↓↓↓

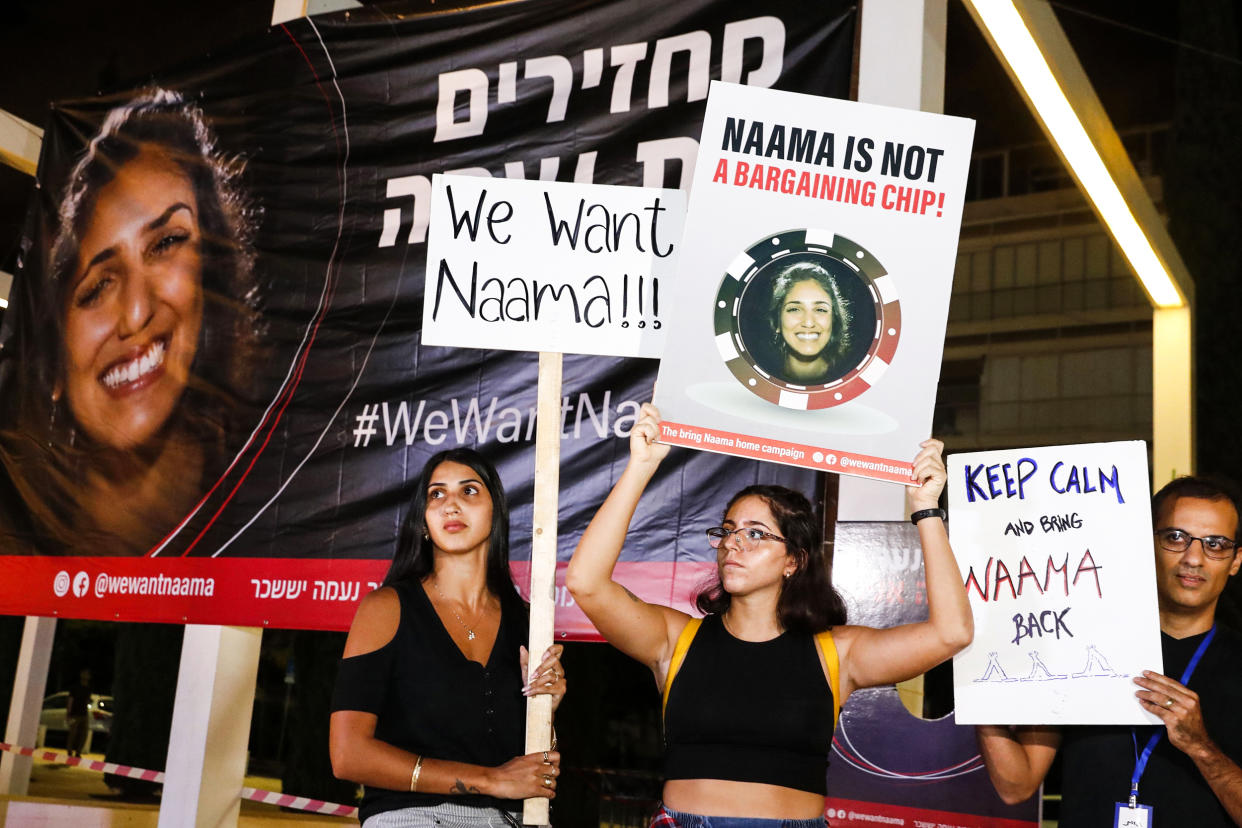 People rally in support of Naama Issachar on Oct. 19, 2019, in Tel Aviv, Israel. (Jack Guez / AFP via Getty Images file)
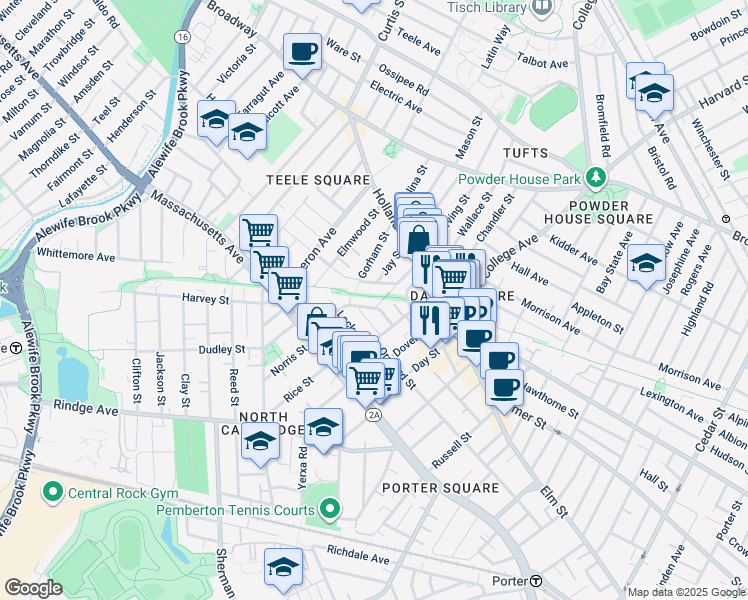 map of restaurants, bars, coffee shops, grocery stores, and more near P3 Howard Street in Somerville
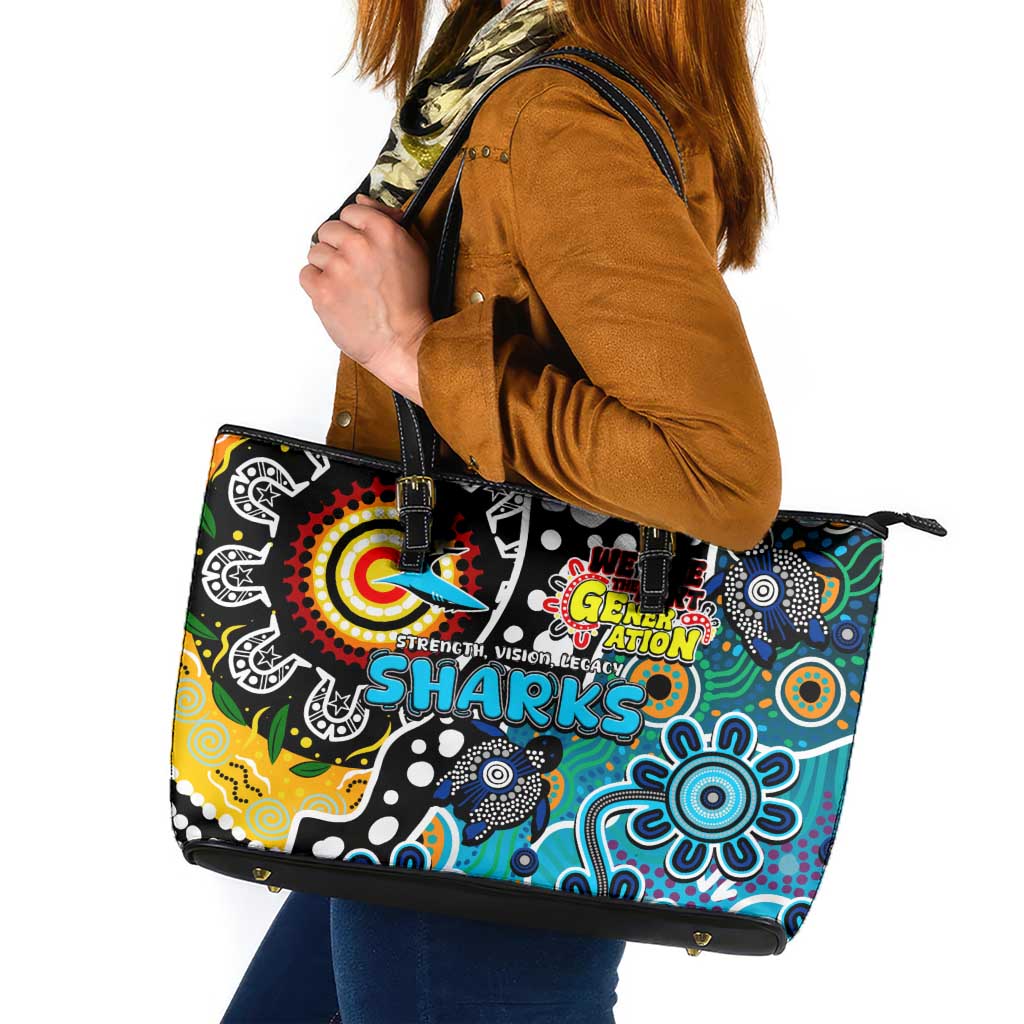 Sharks NRL Celebrating 50 Years of Naidoc Leather Tote Bag NAIDOC Week 2025 Aboriginal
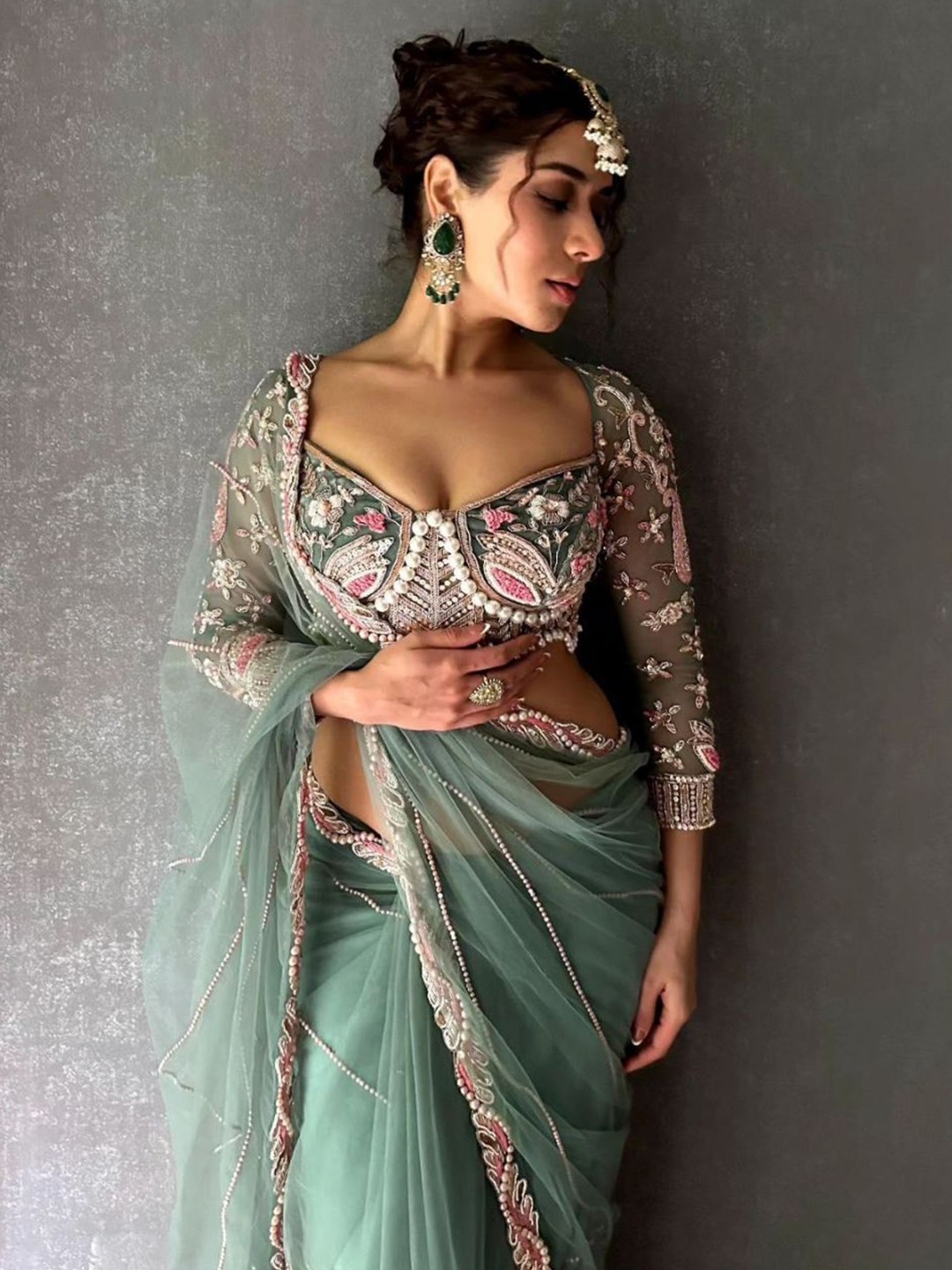 Embellished Beads and Stones Net Saree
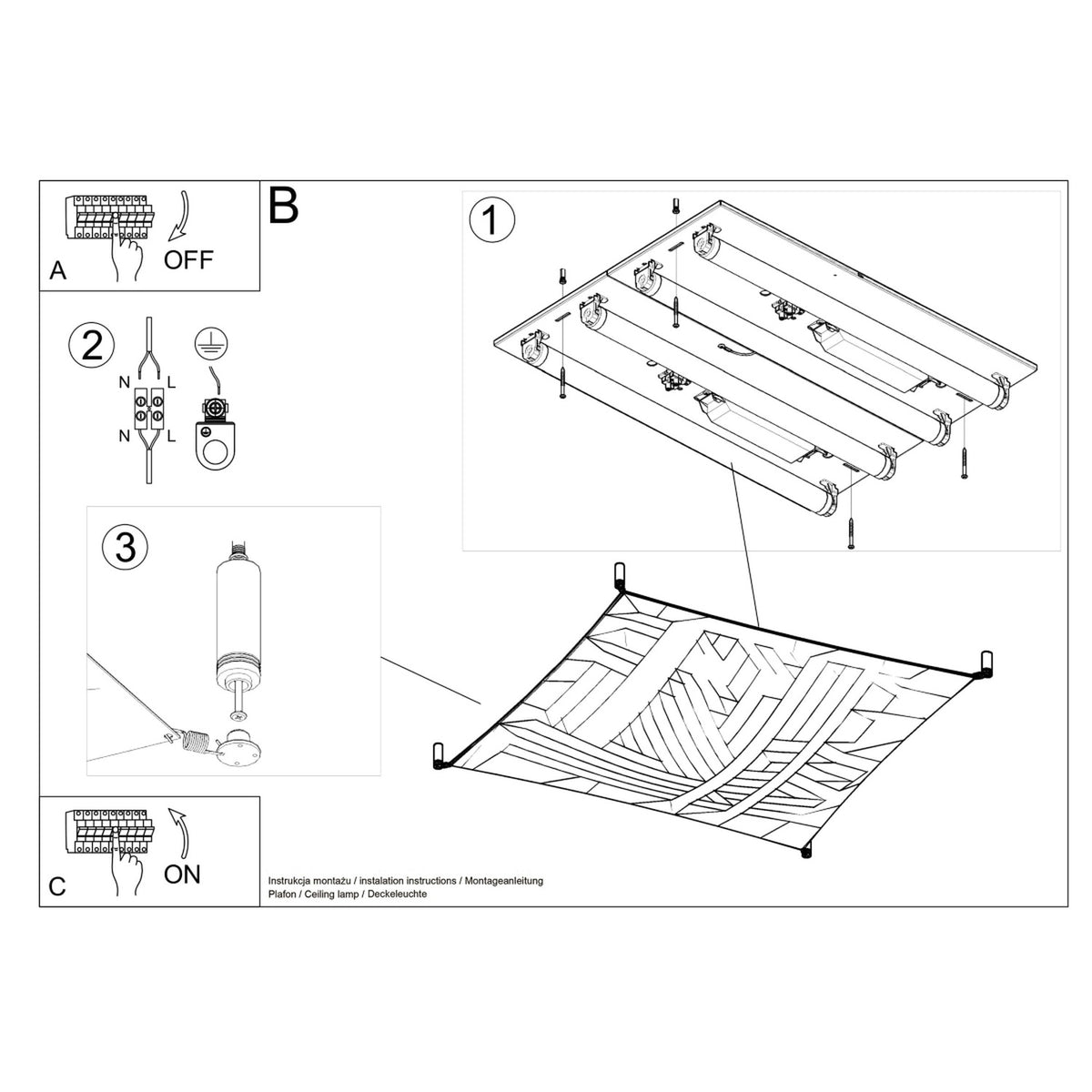 Notice de montage illustrée avec câblage électrique, vis et fixation au plafond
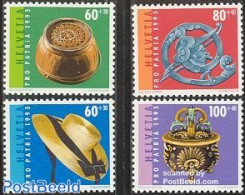 Switzerland 1995 Pro Patria, Folk Art 4v, Mint NH, Art - Art & Antique Objects - Unused Stamps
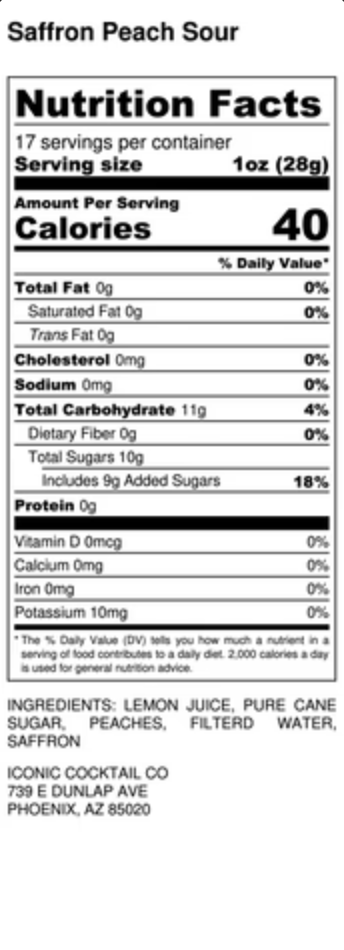 Iconic Cocktail Co. Saffron Peach Handcrafted Cocktail Mixer, Arizona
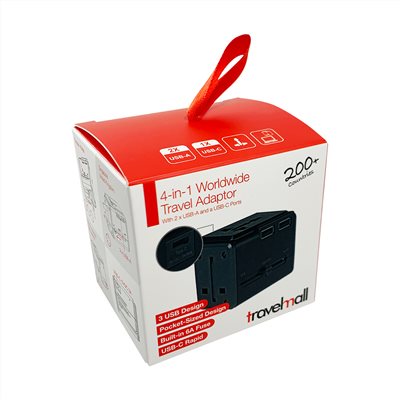 Travelmall 2A1C 多國旅行轉換插頭 (2USB-A / 1Type-C) 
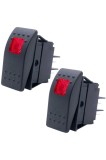 &Icirc;ntrerupător basculant iluminat marin 12V 20A 4‑Pin Pornit/Oprit cu LED roșu, pachet de 2 bucăți &ndash; Negru 2 buc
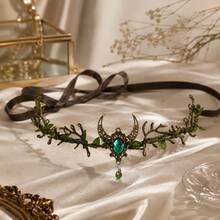 MESHUOKAI Halloween Elf Goddess Headpiece, Elegant Forest Style Green Gemstone Crown, Forest Elf Theme Party Accessory, Cosplay Headpiece - Multicolor - View 10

↑↑↑

== TASK DETAILS ==
The answer must be an exact copy of every record above, minus the pictures.

== ANSWER TO THIS EXERCISE ==
 People rally in support of Naama Issachar on Oct. 19, 2019, in Tel Aviv, Israel. (Jack Guez / AFP via Getty Images file)
 map of restaurants, bars, coffee shops, grocery stores, and more near P3 Howard Street in Somerville
 Sharks NRL Celebrating 50 Years of Naidoc Leather Tote Bag NAIDOC Week 2025 Aboriginal
 Embellished Beads and Stones Net Saree
 Notice de montage illustrée avec câblage électrique, vis et fixation au plafond
 Switzerland 1995 Pro Patria, Folk Art 4v, Mint NH, Art - Art & Antique Objects - Unused Stamps
 Iconic Cocktail Co. Saffron Peach Handcrafted Cocktail Mixer, Arizona
 Travelmall 2A1C 多國旅行轉換插頭 (2USB-A / 1Type-C) 
 &Icirc;ntrerupător basculant iluminat marin 12V 20A 4‑Pin Pornit/Oprit cu LED roșu, pachet de 2 bucăți &ndash; Negru 2 buc
 MESHUOKAI Halloween Elf Goddess Headpiece, Elegant Forest Style Green Gemstone Crown, Forest Elf Theme Party Accessory, Cosplay Headpiece - Multicolor - View 10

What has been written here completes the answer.